Tuesday, July 8, 2008

An incident, spun thus...

When the headline begins "Death Crash Cyclist", the details are usually all too familiar.

A cyclist and another road user meet. Physically. This does not go well for the cyclist. Cue, in approximate temporal order:
  • lurid imagery
  • apportioning of blame,
  • rationalization of the causes,
  • and a promise that lessons will be learned. Often in the form of an undertaking to redesign the road, the junction, or the cycle facility; rarely in the form of a promise to change future behaviour, from all interested parties.
And so we proceed, much as before.

Today, however, the Metro headline was more sour than sanguine. In full:

Death crash cyclist 'mowed down teen'

What does one say to that? A seemingly complex case, reduced to 'Cyclist did bad thing STOP cyclist inhuman, cyclist bad STOP', perhaps with an undertone of 'cycling bad STOP' thrown in too.
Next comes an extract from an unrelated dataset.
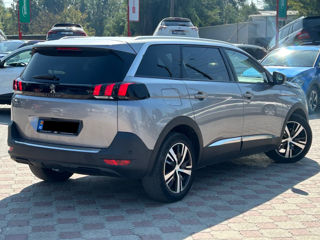 Peugeot 5008 foto 3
From the few facts in the piece, it would seem that both cyclist and teenagers were acting as humans do. Imperfectly. This death seems a terrible mistake - that the cyclist was on the pavement near these people (why?), that he perhaps could not tell they had been drinking, that one of them would step out at the last minute, unaware of the potential danger, and that he could not avoid the collision once that had happened.
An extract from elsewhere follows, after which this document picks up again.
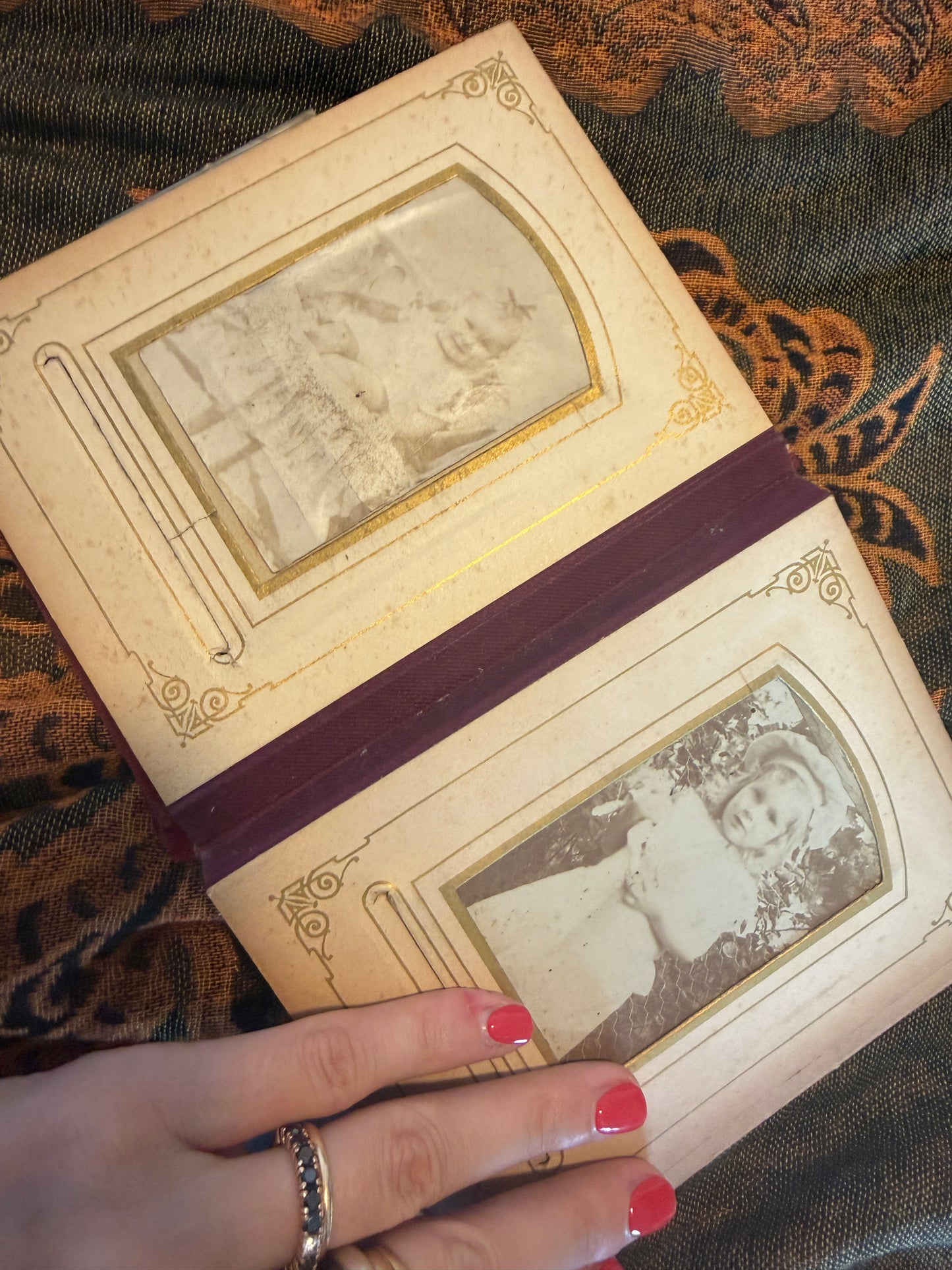 Antico album fine ‘800 completo con 24 foto d’epoca 1890-1915 + 7 sciolte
But to equate that to 'mowing down' the bystander, to suggest he meant to cause this injury, this harm, this loss, is monstrous. And unbelievable. Ask any long-standing cyclist; when someone steps out in your path and you collide, it hurts. For both of you.

I've done this, colliding with a pedestrian who stepped into the road without looking. We both had only minor injuries - but i wouldn't choose to repeat the experience. No sensible person would; if this cyclist was insensible enough to, he'd be in need of psychological help, not a sentence.
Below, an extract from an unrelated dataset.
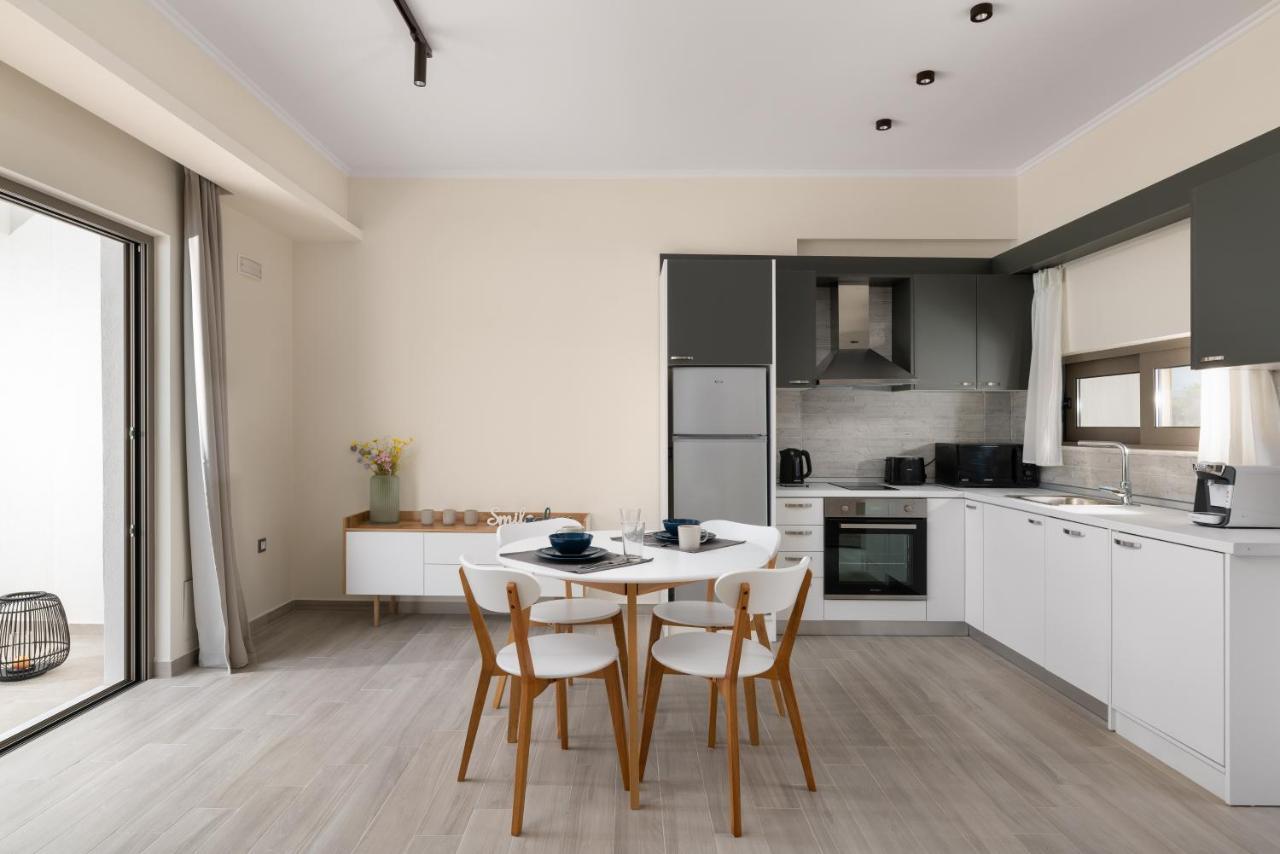 גנאדי Armonia Suites מראה חיצוני תמונה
More facts over at the Daily Mail's article, 'Cyclist killed teenage girl on pavement 'after refusing to swerve to avoid her''. For example, that the cyclist was doing 17 - 23mph. And that the teenager had drunk 2 cans of Stella (5.2% ABV).

And a helpful reminder, from the Daily Mail: "It is illegal to cycle on the pavement". These, the last words of an article which makes it clear, witnesses cannot agree where the cyclist was, road or pavement, when the collision occurred.

But no matter, 'Bad cyclist did bad thing STOP' still sells papers. Who reads this, and feels better for having done so?